Re: Timekeeping issue on aggressive suspend/resume

2010-06-14 Thread Suresh Rajashekara
On Thu, Jun 10, 2010 at 12:52 PM, john stultz johns...@us.ibm.com wrote:
 I think Thomas was suggesting that you consider creating a option for
 where CLOCK_MONOTONIC included total_sleep_time.

 In that case the *hack* (and this is a hack, we'll need some more
 thoughtful discussion before anything like it could make it upstream)
 would be in timekeeping_resume() to comment out the lines that update
 wall_to_monotonic and total_sleep_time.

 It would be interesting to hear if that hack works for you, and we can
 try to come up with a better way to think about how to accommodate both
 views of how to account time over suspend.

Thanks.

I tried this fix. It seemed to help, however the accuracy of sleep
time for the process was not quite right. A process thread which was
supposed to wake up every (X) seconds, seemed to wake up every (X -
delta X) seconds.

Also another side effect of this change was that the system time was
no longer in sync with the wall time.

These problems were more pronounced when the suspend/wakeup cycle time
was brought down to 0.5 seconds from 4 seconds. The periodicity of
most of the process threads were disturbed.

I decided to NOT suspend/resume the timekeeping subsystem in the
kernel and try. It seemed to work. Every application seems to work
fine.

Now my question is; Is it safe to disable suspend/resume of the
timekeeping subsystem? Will it have an effect (on
functionality/performance) which may not surface in my short
experiments?

Thanks in advance,

Suresh
--
To unsubscribe from this list: send the line unsubscribe linux-omap in
the body of a message to majord...@vger.kernel.org
More majordomo info at  http://vger.kernel.org/majordomo-info.html


Re: Timekeeping issue on aggressive suspend/resume

2010-06-14 Thread john stultz
On Mon, 2010-06-14 at 00:46 -0700, Suresh Rajashekara wrote:
 On Thu, Jun 10, 2010 at 12:52 PM, john stultz johns...@us.ibm.com wrote:
  I think Thomas was suggesting that you consider creating a option for
  where CLOCK_MONOTONIC included total_sleep_time.
 
  In that case the *hack* (and this is a hack, we'll need some more
  thoughtful discussion before anything like it could make it upstream)
  would be in timekeeping_resume() to comment out the lines that update
  wall_to_monotonic and total_sleep_time.
 
  It would be interesting to hear if that hack works for you, and we can
  try to come up with a better way to think about how to accommodate both
  views of how to account time over suspend.
 
 Thanks.
 
 I tried this fix. It seemed to help, however the accuracy of sleep
 time for the process was not quite right. A process thread which was
 supposed to wake up every (X) seconds, seemed to wake up every (X -
 delta X) seconds.

Ah, the sleep time is probably too coarse (seconds).
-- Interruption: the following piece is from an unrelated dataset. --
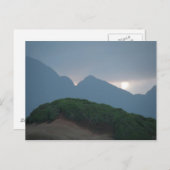 ドミニカ山脈 ポストカード (正面/裏面)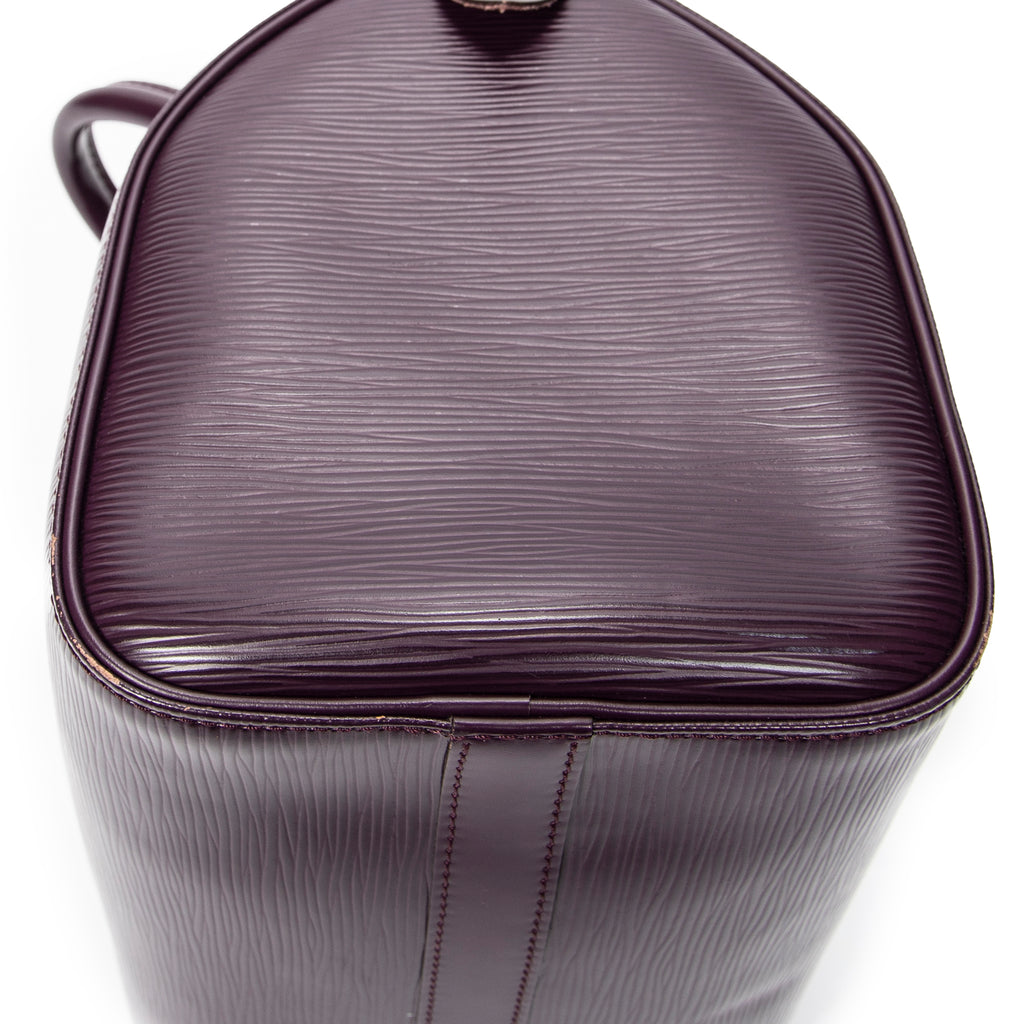 Handbag Speedy 25 Cassis Epi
We probably need to
increase the granularity from read_persistent_clock() and see if that
helps (although most persistent clocks aren't very fine grained).

 Also another side effect of this change was that the system time was
 no longer in sync with the wall time.

? This doesn't make much sense to me, as you shouldn't be manipulating
xtime differently.

Just to be clear, you mean the value from date doesn't match your
watch after resume? 

 These problems were more pronounced when the suspend/wakeup cycle time
 was brought down to 0.5 seconds from 4 seconds. The periodicity of
 most of the process threads were disturbed.
 
 I decided to NOT suspend/resume the timekeeping subsystem in the
 kernel and try. It seemed to work. Every application seems to work
 fine.
 
 Now my question is; Is it safe to disable suspend/resume of the
 timekeeping subsystem? Will it have an effect (on
 functionality/performance) which may not surface in my short
 experiments?

Well, the difficultly here is what folks actually mean by suspend. On
some hardware it means everything is powered off, and so on resume we
have to re-init hardware values.

It seems in your case that the hardware isn't completely powered off,
since the clocksource you're using seemed to continue counting while the
system was suspended. 

So in this case you might be ok. Your suspend seems closer to an deep
idle state on x86. So suspending timekeeping might not be necessary.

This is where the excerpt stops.